Bitcoin ETFs represent an innovative approach, but investors are not necessarily safe

After months of regulatory battles, ten Bitcoin ETFs were approved by the United States SEC on January 10, allowing traditional investors to gain exposure to BTC through publicly traded funds.

7072D885 Bc02 444A Bc4E 16302Af970F8

The ETF's approval is a positive sign of a future innovation-friendly approach from US regulators, DFG's Wo told Cointelegraph.

“Despite lawsuits against several crypto exchanges, the SEC has previously approved Bitcoin ETFs along with Ethereum ETFs. This is a sign that governments are more supportive of regulation than outright banning it, as seen in many other countries where regulators are proposing stricter regulations for licensing crypto-related businesses.

The adoption of the US EFF also prompted other jurisdictions to follow suit. Hong Kong's Securities Regulatory Commission (SFC) may approve the first four positions Bitcoin ETF applications on April 15 after the financial regulator accelerated the approval process for the first ETFs.

Spot Bitcoin ETF Approved: Impact Investing with Mark Yusko. Source: Cointelegraph

Related: Hong Kong regulator fast-tracks Bitcoin spot ETF approvals

Despite significant global regulatory developments around ETFs and crypto exchanges, investors aren't necessarily protected from another FTX-like meltdown, according to DFG's Wo:

Although regulation and compliance have increased in regulated entities, it does not mean that it will not happen again, even if we can expect better risk management from these entities. In general, as long as you don't click on phishing or scam links that can end up draining your wallet, self-maintenance is still the safest as you're in control of your own funds.

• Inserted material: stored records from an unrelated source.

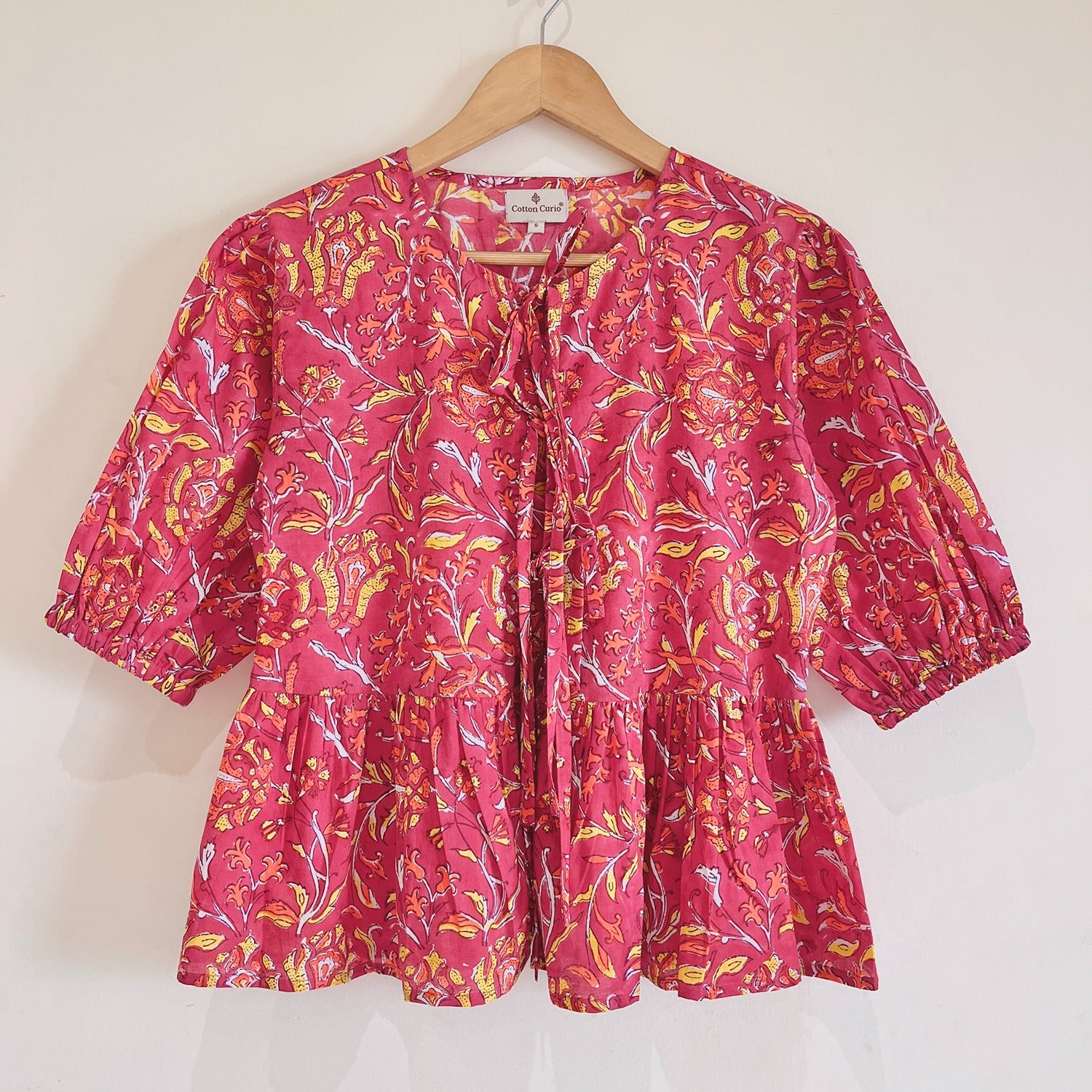 Block Printed Cotton Short Top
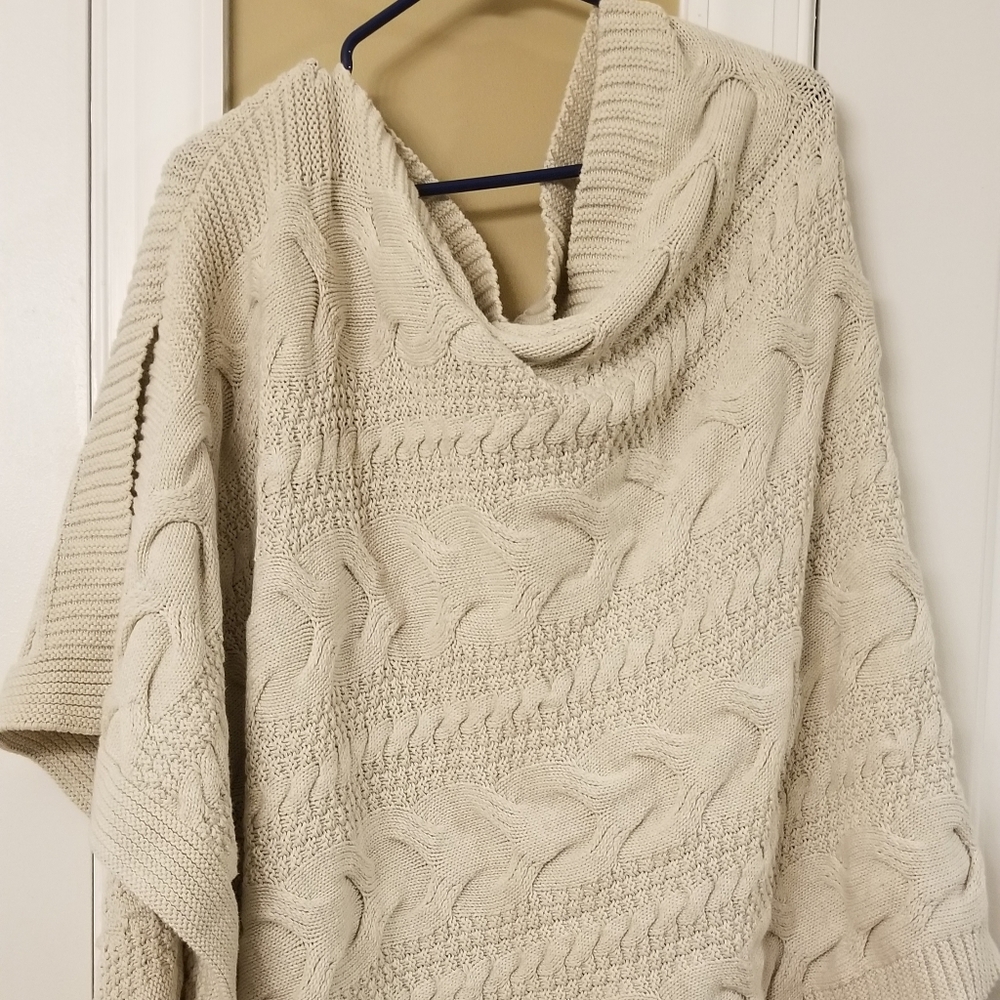 Womens sweater poncho shrug one size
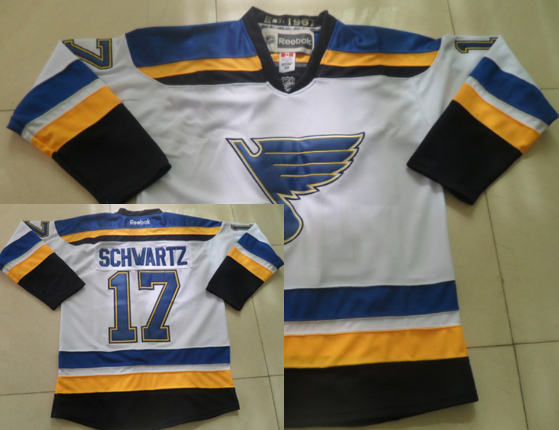 St. Louis Blues #17 Jaden Schwartz 2014 White Jersey St. Louis Blues #17 Jaden Schwartz 2014 White Jersey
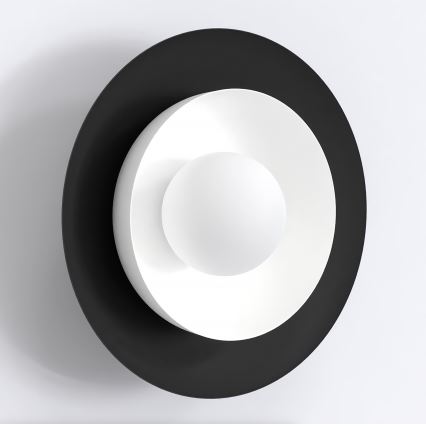 Sieninis šviestuvas POPPI 1xG9/8W/230V juoda/balta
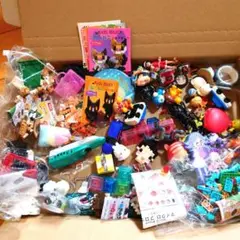 アンパンマン　ワンピース　ミニブロック他小さいおもちゃいろいろセット
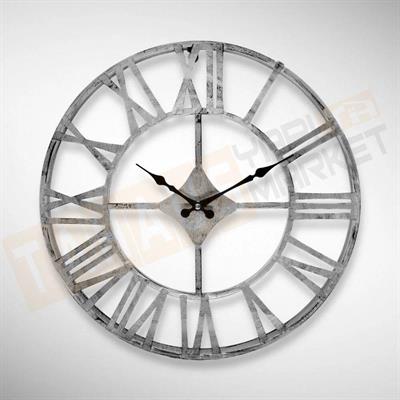 Galaxy Dm-190-Metal Roma Rakamı Duvar Saati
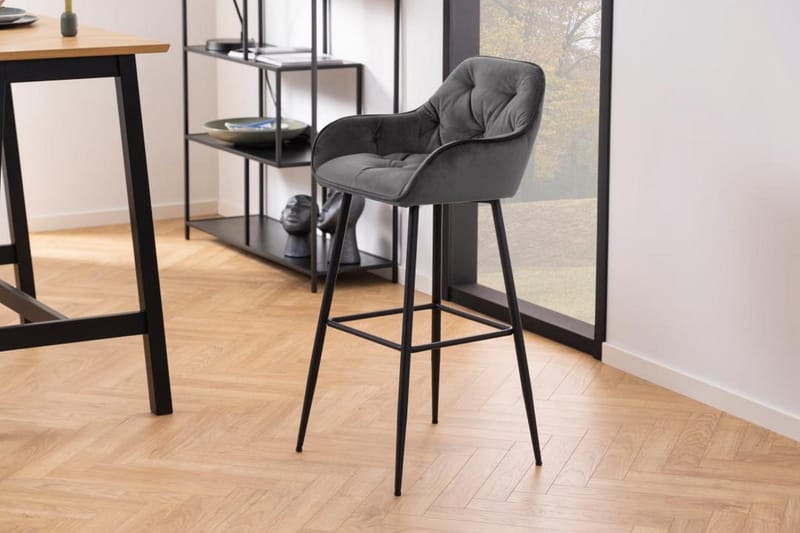 Zabinka Barstol 104 cm - Grå - Products - Möbler - Fåtölj & stolar - Barstol & barpall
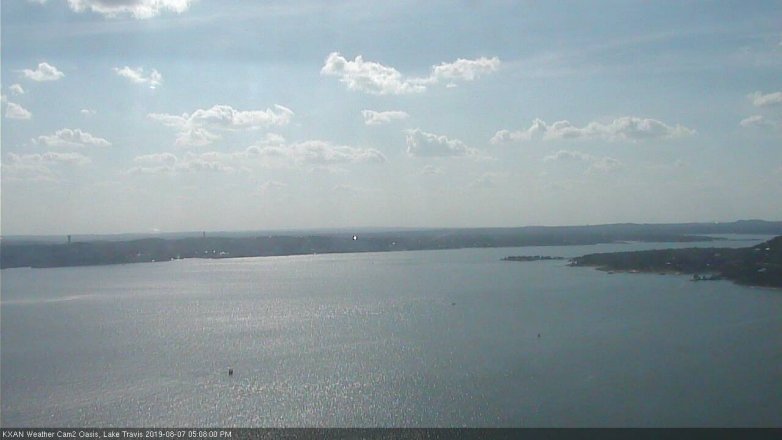 Lake Travis webcam, August 7, 2019 4:10 PM CT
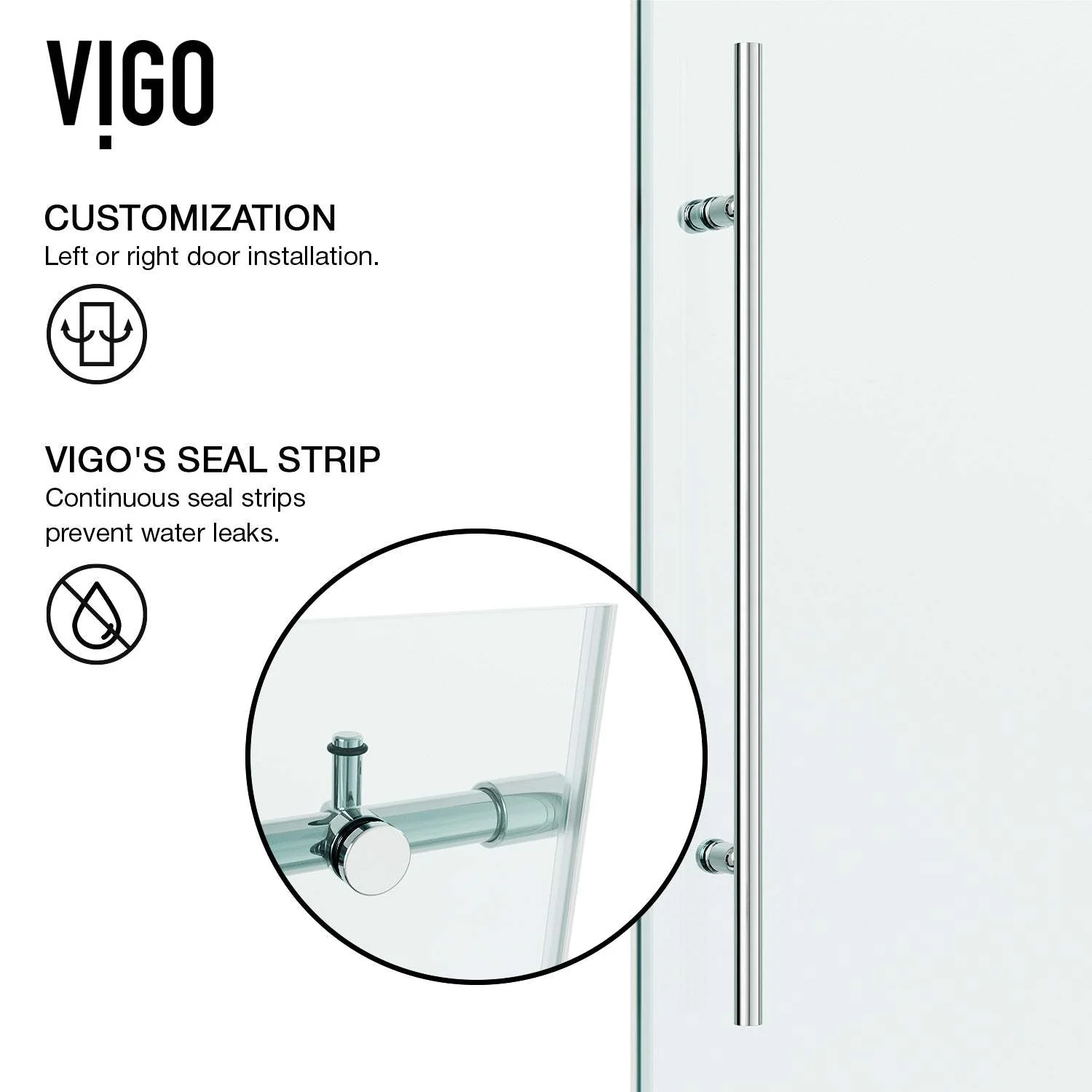 Elan E-Class Frameless Sliding Tub Door - Image 8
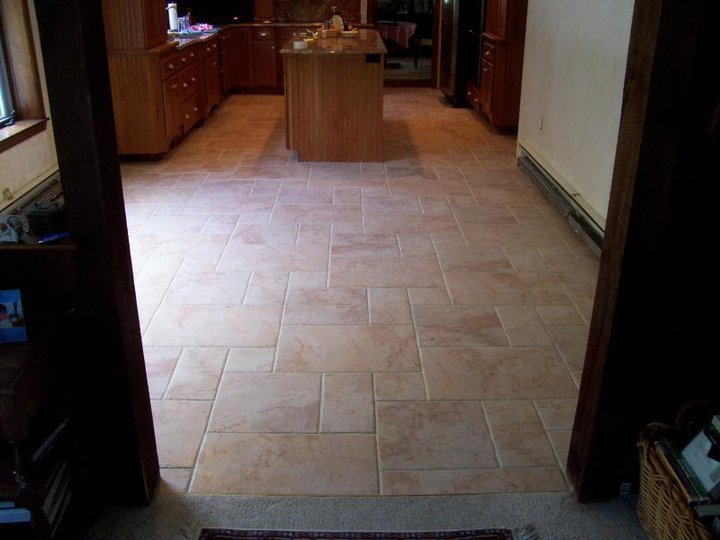 Tile installation from Flooring Source in the Auburn, MA area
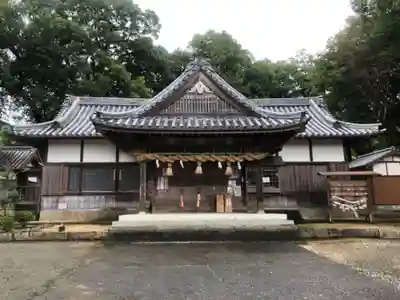 川田八幡神社の本殿・本堂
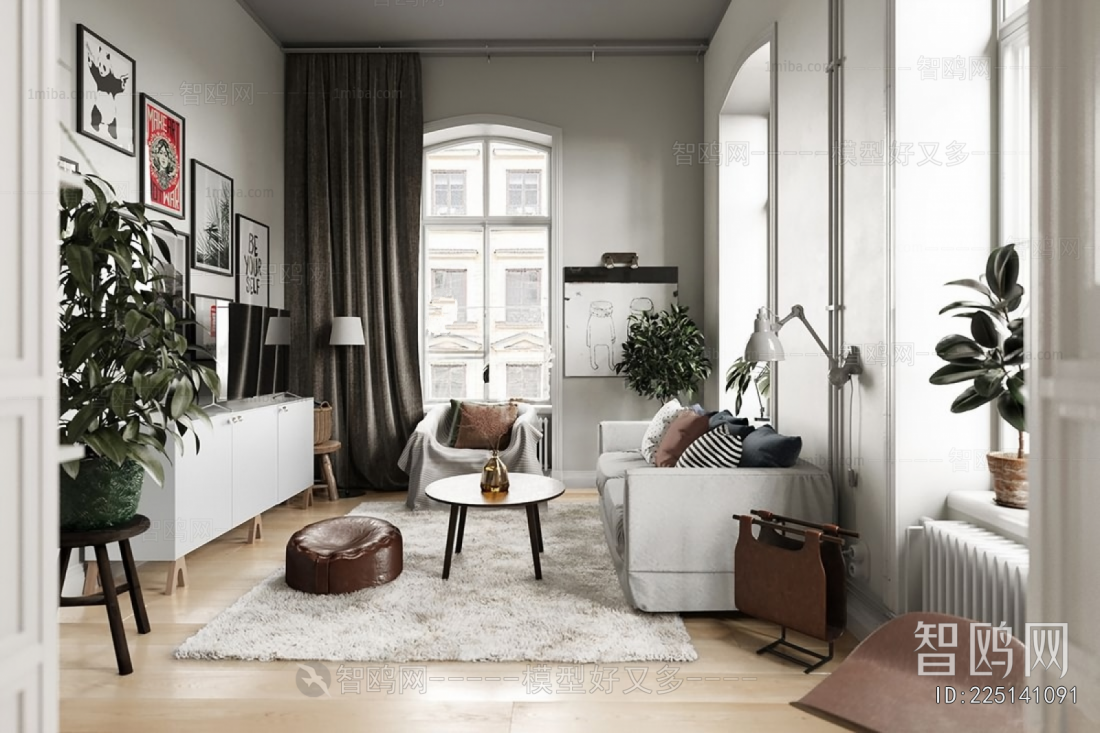 Nordic Style A Living Room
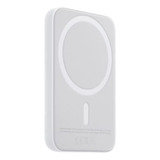 Batería Externa Compatible Con Magsafe Para iPhone X 12, 13, 14, 15, Color Blanco Y Plateado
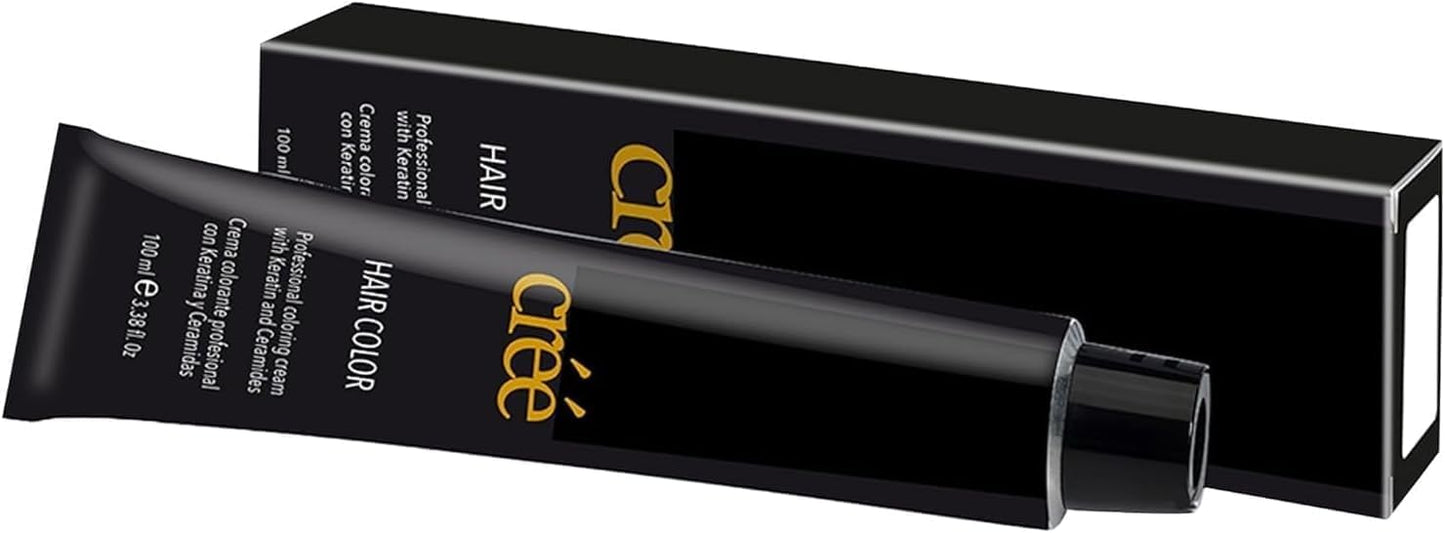 Cree Professional 7.01 - Cold Blond Permanent Hair Color - Long Lasting, Rich Vibrant - Gray Coverage 100ml - 3.4 fl.oz.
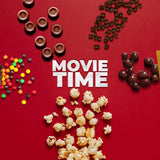 Movie Night Popcorn and Candy Gift Basket Plus 1 Movie Night Rentals - Perfect for a Cozy and Fun Evening at Home or the Theater with Family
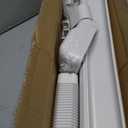 Mini Split Line Set Cover with Flexible Duct, 3" 12.5Ft, White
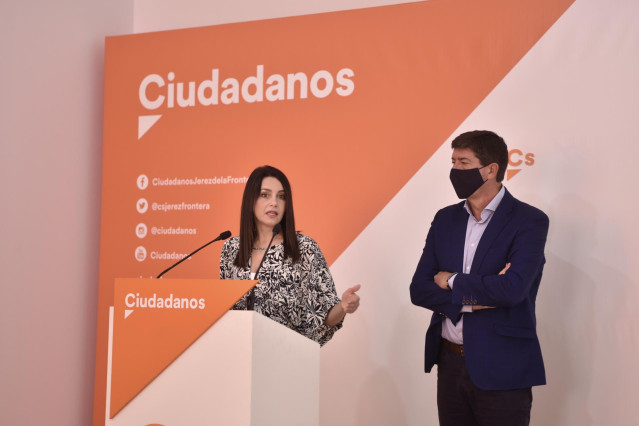 Inés Arrimadas y Juan Marín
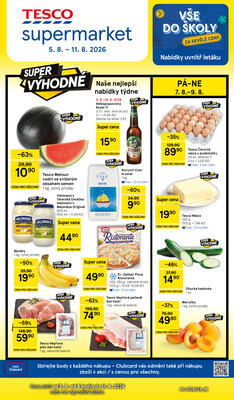 Leták Tesco supermarkety od 5.8. do 11.8.2026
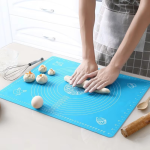 Silicone Non-Stick Rolling Mat 40x50cm â€“ Non-Slip Pastry Mat for Dough, Cakes & Baking (Random Color)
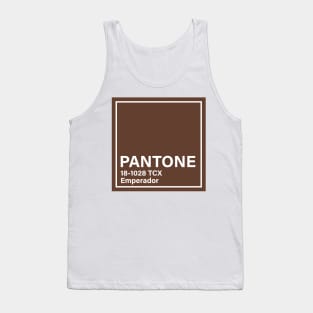 pantone 18-1028 TCX Emperador Tank Top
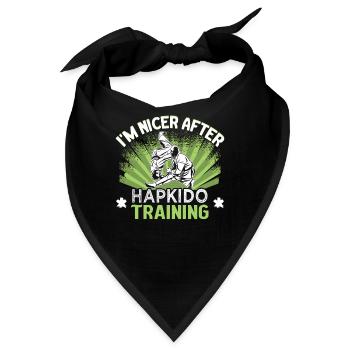 Hapkido Kämpfer Trainer Hapkido Dojo - Bandana - Schwarz - Vorne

Related: FTX Moves to Drop 8% Anthroponic Share

12E07Ead Fad3 4353 84D7 39510F363Ac7

Looking forward to 2024 and beyond

The FTX collapse prompted widespread cooperation among global regulators to prevent another high-profile meltdown. Some of the world's leading economies have developed new regulations for crypto exchanges, while Europe has passed the first comprehensive framework for the crypto industry, setting the benchmark for other regulators.

The European MCA framework is still a work in progress. The next major part of the bill, according to Savova, senior policy director of the European Crypto Initiative, told Cointelegraph that it would set standards for trading relationships for crypto exchanges:

“It is CASP that will be developed throughout 2024, and thus, the exchange of marketing communications and approvals. It is a very important topic that emerged in France and is now being discussed at EU level in the retail investment strategy.

The second consultation package under MiCA's reverse charge guidelines will be finalized on April 29. The outcome of the consultation will have implications for the final implementation of the MCA in December, Savova said.

“[This will determine] How exchanges from countries outside the EU and other CASPs offer services to EU citizens without a license and how these services should be sold in Europe. The results of this consultation will be crucial to the implementation of the MICA in December.

According to TDeFi's Burney, crypto service providers could still see more regulatory scrutiny, including stricter disclosure and compliance requirements, leading to a more mature industry. Bernie said:

“These developments reflect a transition to a mature regulatory framework designed to balance innovation with regulatory oversight. But obtaining a license in the U.S. may prevent exchanges from operating globally and serving U.S. customers entirely, highlighting the challenges of regulating a decentralized and global industry.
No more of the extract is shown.